> _EXERCISE MATERIAL_:
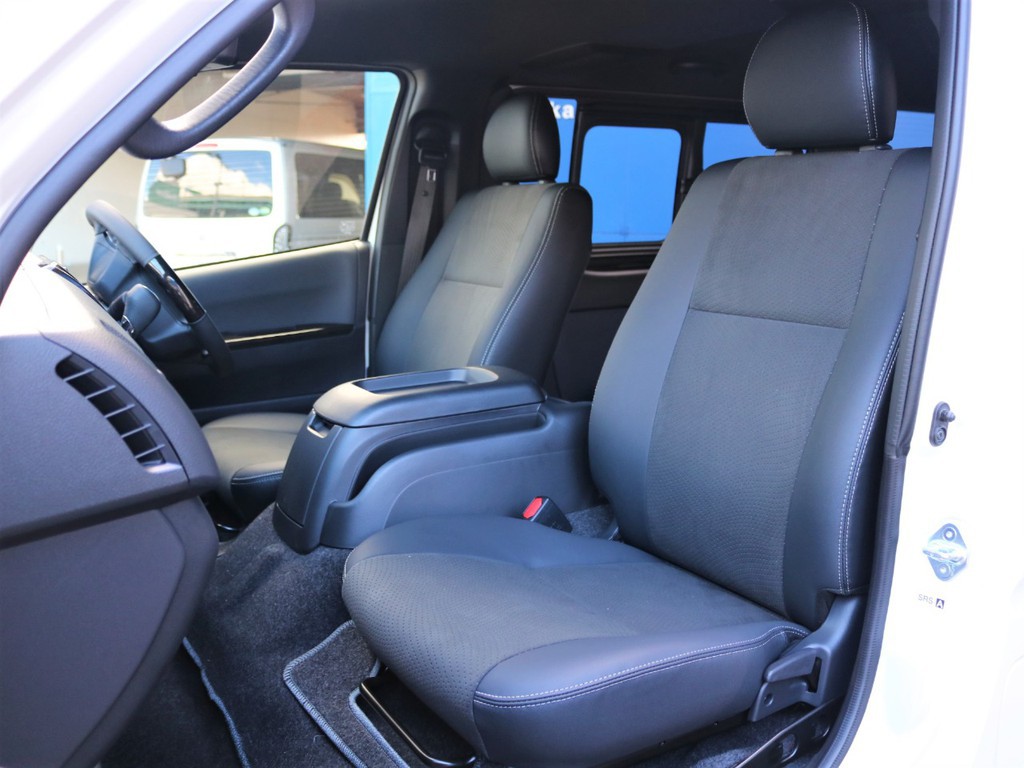 ダークプライムＩＩ特別仕様車専用装備のハーフレザーシートです。そのままハーフレザーシートを生かすのも、シートカバーを装着してお好みのシートにカスタマイズも可能です♪
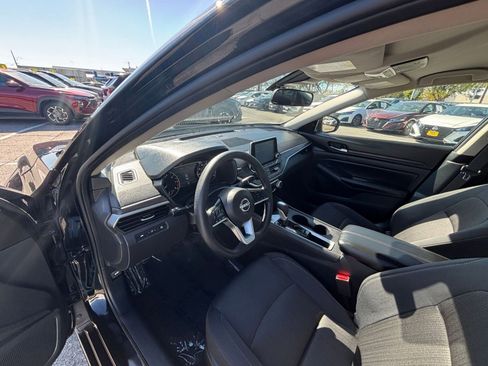 Used 2025 Nissan Altima 2.5 SV FWD image 34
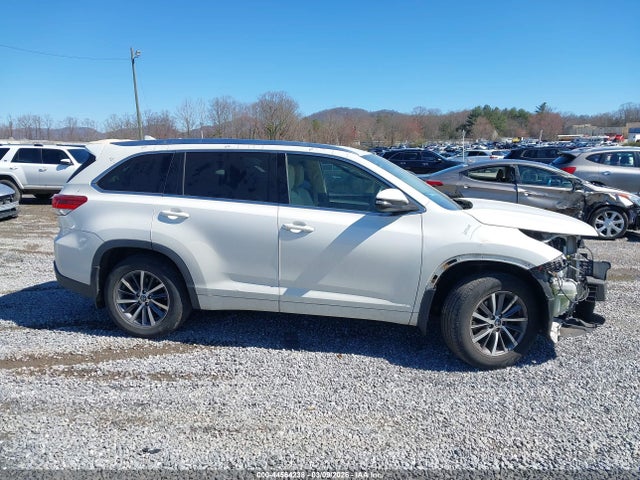 Toyota Highlander Xle 2017 5TDJZRFH8HS517552 Image 14
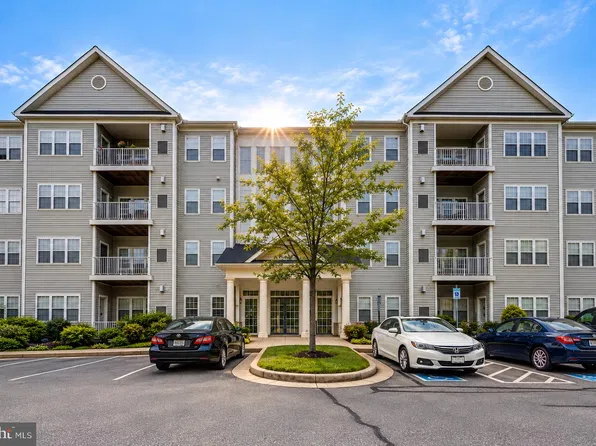522 Hopkins Landing Dr #522, Essex, MD 21221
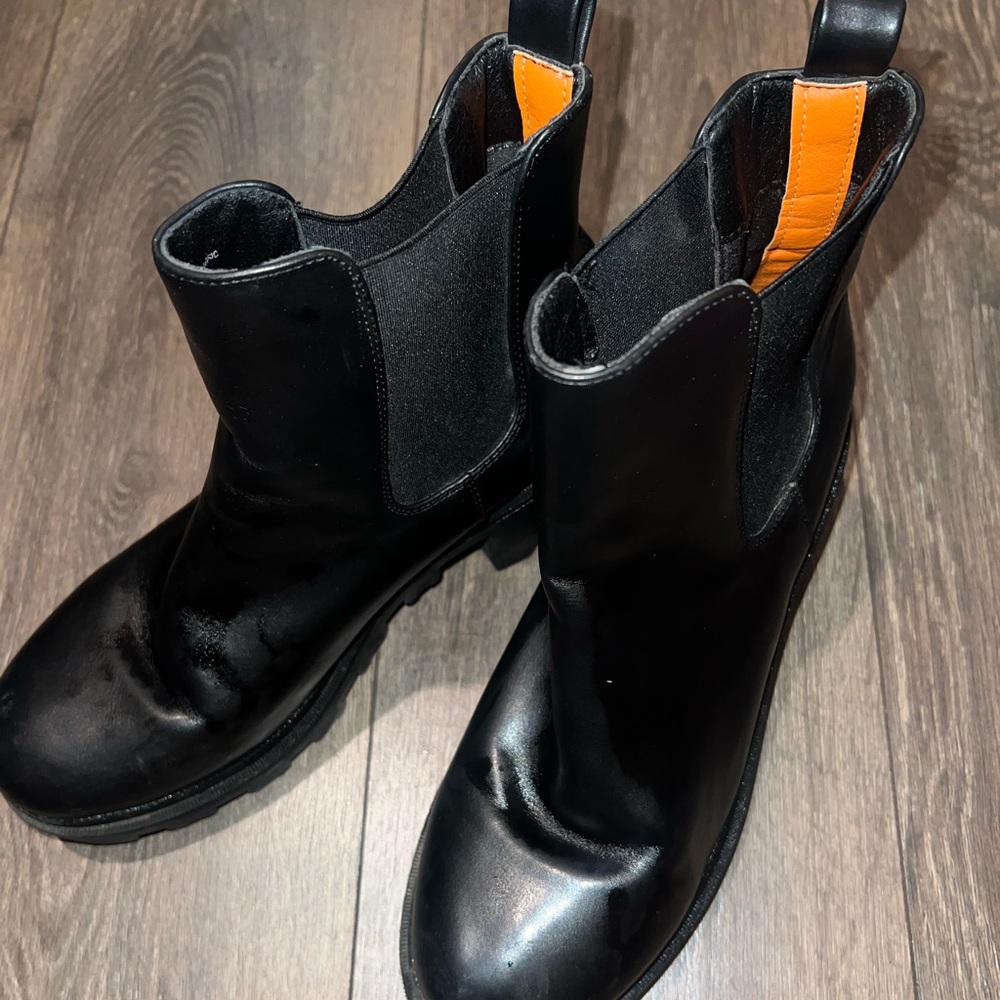 Women’s boots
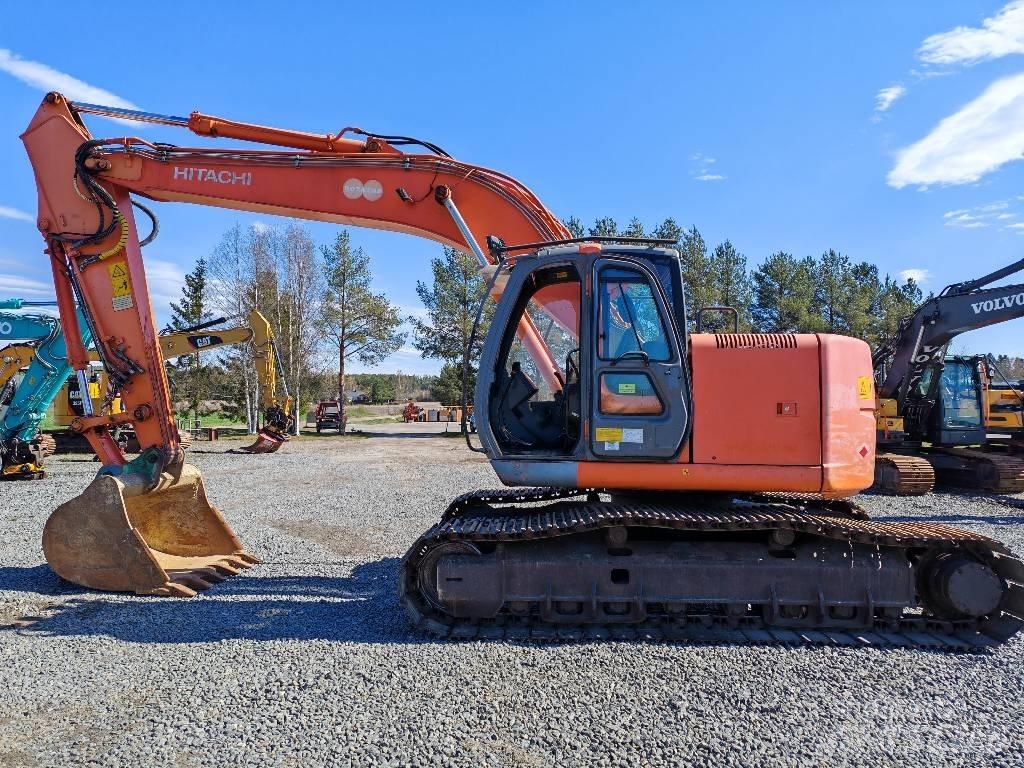 Hitachi ZX 225 US Pásová rýpadla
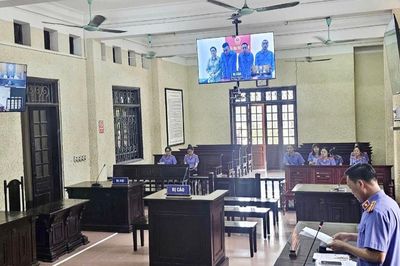 Xét xử sơ thẩm trực tuyến 4 đối tượng sử dụng trái phép chất ma túy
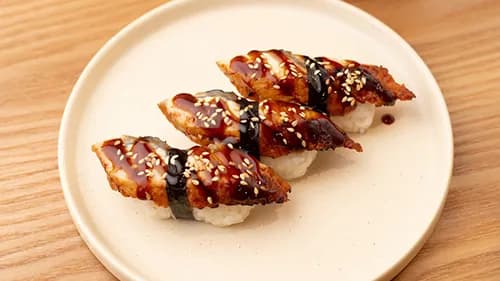 Ýilan balykly nigiri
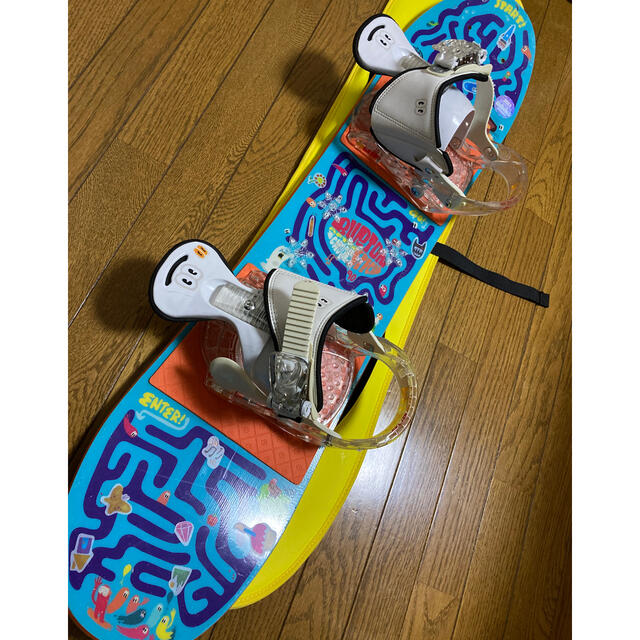 BURTON(バートン)のまひろ様専用ブーツなしバートン  キッズボード　アフタースクール　セット スポーツ/アウトドアのスノーボード(ボード)の商品写真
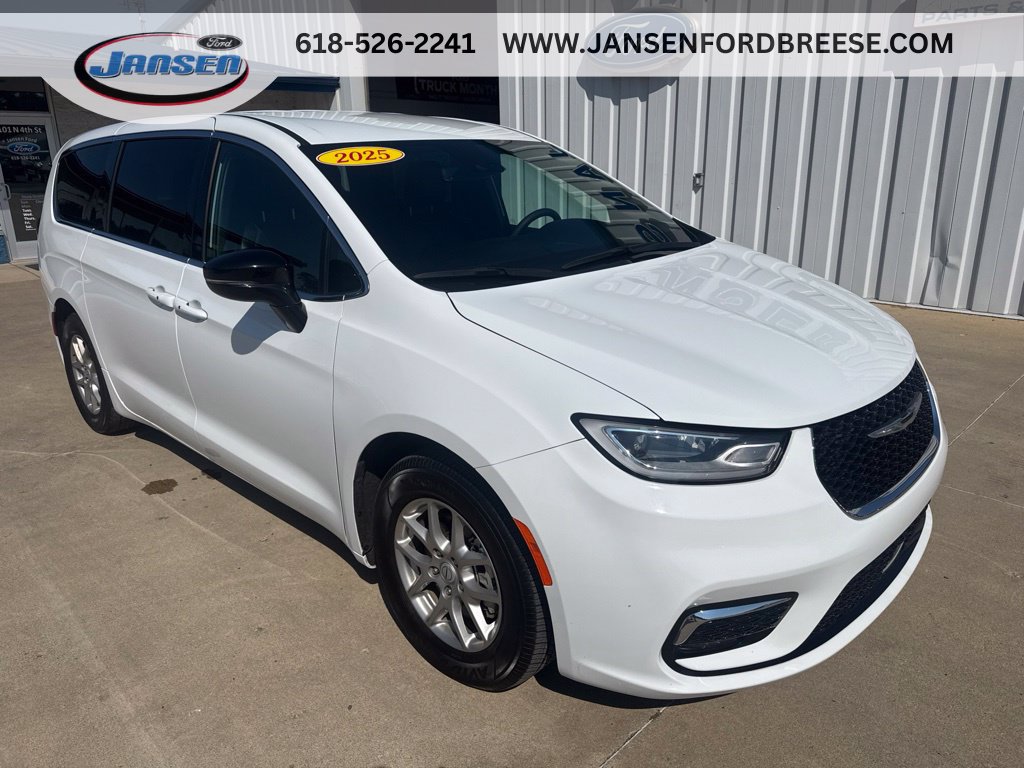 Used 2025 Chrysler Pacifica Select FWD image 1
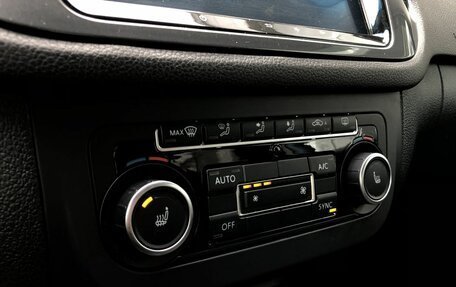 Volkswagen Tiguan I, 2012 год, 1 070 000 рублей, 16 фотография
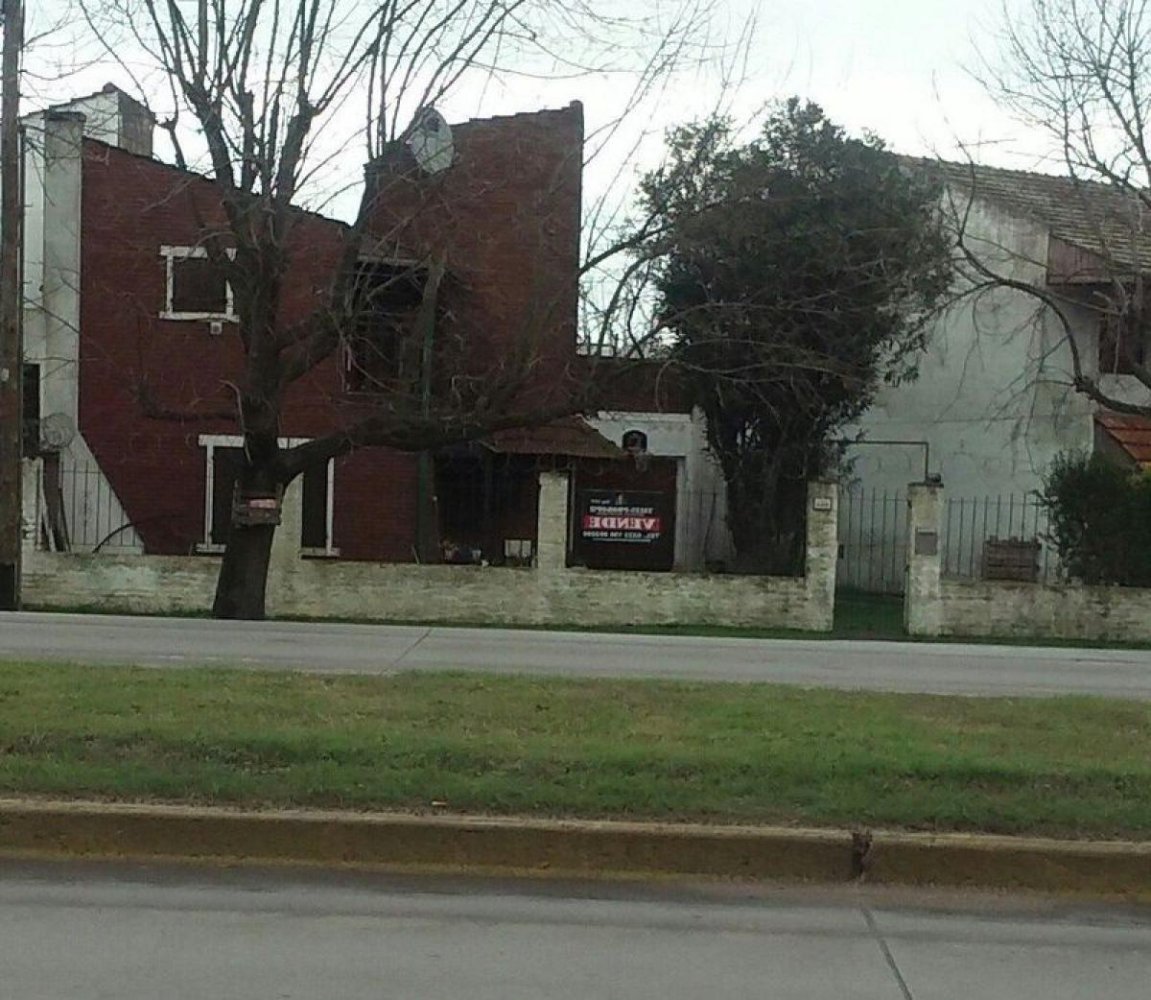 2 bedrooms House in Mar del Plata, Argentina No. 78525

> _TASK INSTRUCTIONS_:
Restate, exactly as they appear, the line with "Used 2025 Nissan Altima 2.5 SV FWD image 34" and all the lines after it up to the end of the data above; images do not belong in the copy.

> _YOUR RESPONSE_:
 Used 2025 Nissan Altima 2.5 SV FWD image 34
 Toyota Highlander Xle 2017 5TDJZRFH8HS517552 Image 14
522 Hopkins Landing Dr #522, Essex, MD 21221
 Women’s boots
 Hitachi ZX 225 US Pásová rýpadla
 Xét xử sơ thẩm trực tuyến 4 đối tượng sử dụng trái phép chất ma túy
 Ýilan balykly nigiri
 BURTON(バートン)のまひろ様専用ブーツなしバートン  キッズボード　アフタースクール　セット スポーツ/アウトドアのスノーボード(ボード)の商品写真
 Used 2025 Chrysler Pacifica Select FWD image 1
 Volkswagen Tiguan I, 2012 год, 1 070 000 рублей, 16 фотография
 2 bedrooms House in Mar del Plata, Argentina No. 78525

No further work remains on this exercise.